Les différents climats sont bien caractérisés, et les emprunts à la musique moyen-orientale sont aussi habilement intégrés que les souvenirs de Rimski-Korsakov, Moussorgski, Borodine et Puccini. Une remarque qui vaut, également, pour l’écriture vocale, très mélismatique, répartie entre monologues de style déclamatif, véhéments ou introspectifs, et airs mélodieux – celui d’Afira, qui conclut l’opéra, est particulièrement séduisant.

La vedette de la première distribution, la seule que nous ayons entendue, est Sarah Connolly, bien connue pour son travail sur Haendel et Rameau, avec William Christie, Emmanuelle Haïm ou Marc Minkowski. À bientôt 61 ans (elle les fêtera le 13 juin), la mezzo-soprano britannique conserve l’essentiel de sa chaleur dans le timbre, tout en faisant preuve, en Zarqa, d’une sensibilité et de dons de tragédienne toujours exceptionnels.

Même si la sonorisation, rendue nécessaire par l’acoustique du Centre Culturel « Roi Fahd », complique l’appréciation des autres voix, on est frappé par le chant ravissant de la soprano australienne Amelia Wawrzon en Afira. Le ténor italien Paride Cataldo fait, également, grosse impression en Ben Afar Al Aswad, frère de la précédente. Très sollicité, notamment dans son rôle de commentateur des événements, le Chœur Philharmonique Tchèque de Brno est impressionnant.

Le chef espagnol Pablo Gonzalez dirige, avec flamme et précision, un orchestre (Dresdner Sinfoniker) en grand effectif.
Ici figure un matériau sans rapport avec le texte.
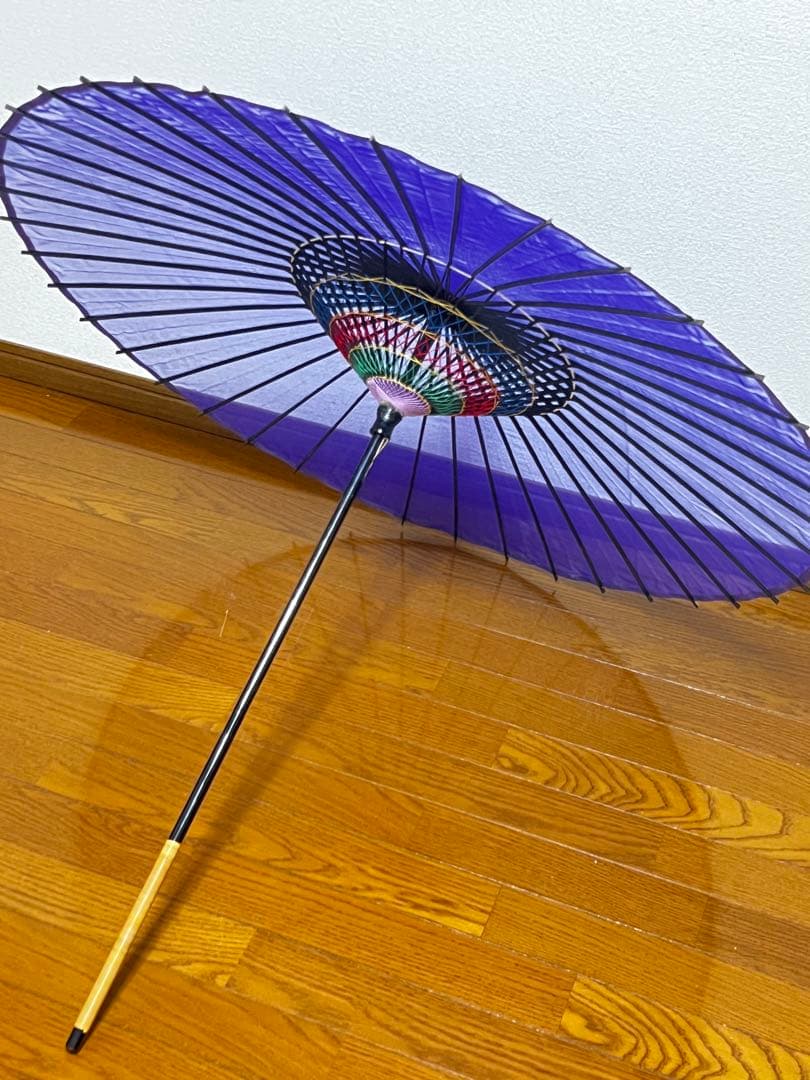 紫色の舞踊傘 手作り装飾付き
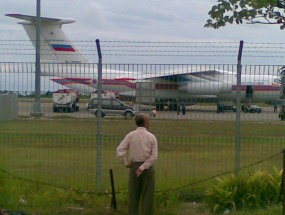 Bantuan Luar Negeri Terus Mengalir di Bandara Minangkabau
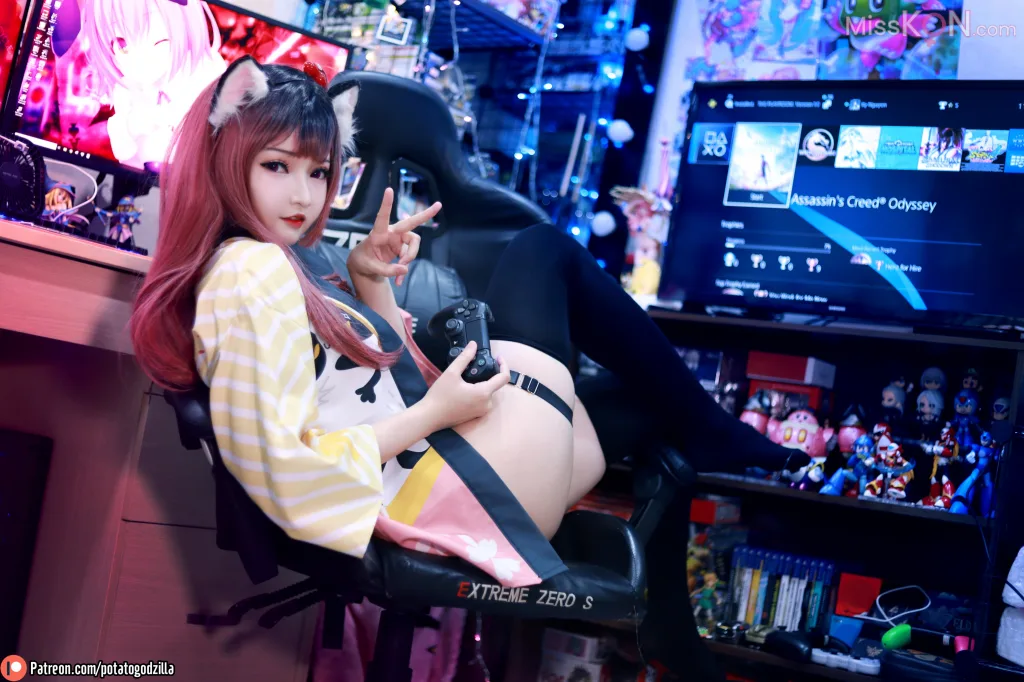 Coser@Potato Godzilla_ Weeb Girl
Quant à Daniele Finzi Pasca, agissant en tant que metteur en scène et créateur lumière, il signe un spectacle à la fois sobre et luxueux, en réussissant l’exploit de respecter la dimension « oratorio » de l’ouvrage, tout en maintenant du mouvement sur le plateau : piliers monumentaux, dessinés par le décorateur Luigi Ferrigno, glissant sur un sol brillant ; déploiement de voiles colorés ; nombreux figurants, etc.

De temps en temps, des écrans descendent des cintres, pour faire défiler les somptueuses vidéos de Roberto Vitalini – celle de la mer de lave est absolument sublime. Les costumes traditionnels de Giovanna Buzzi sont splendides, et l’on se gardera d’oublier les accessoires de Maysa Ahmad Al Ruwaished : ananas et pommes d’or, masques d’animaux…

Visuellement, le point culminant de la production reste l’apparition d’un gigantesque rorqual bleu, mi-squelette, mi-recouvert de peau, au début de l’acte II. Articulé, le gigantesque cétacé ondule devant une vidéo, magnifiquement réalisée, de plancton tourbillonnant dans l’océan, pour un effet aussi spectaculaire que poétique.

Au bilan, Zarqa Al Yamama remplit ses objectifs : un opéra accessible à un public néophyte, monté avec d’imposants moyens, révélant aux Saoudiens ce qui fait la spécificité du genre, tout en l’inscrivant dans leur propre culture et leur propre histoire ; la juxtaposition réussie de talents et de savoir-faire locaux et occidentaux ; et un produit tout à fait exportable, pour un pays entendant montrer au reste du monde ce qu’il est capable d’accomplir, dans un univers étranger à ses traditions culturelles.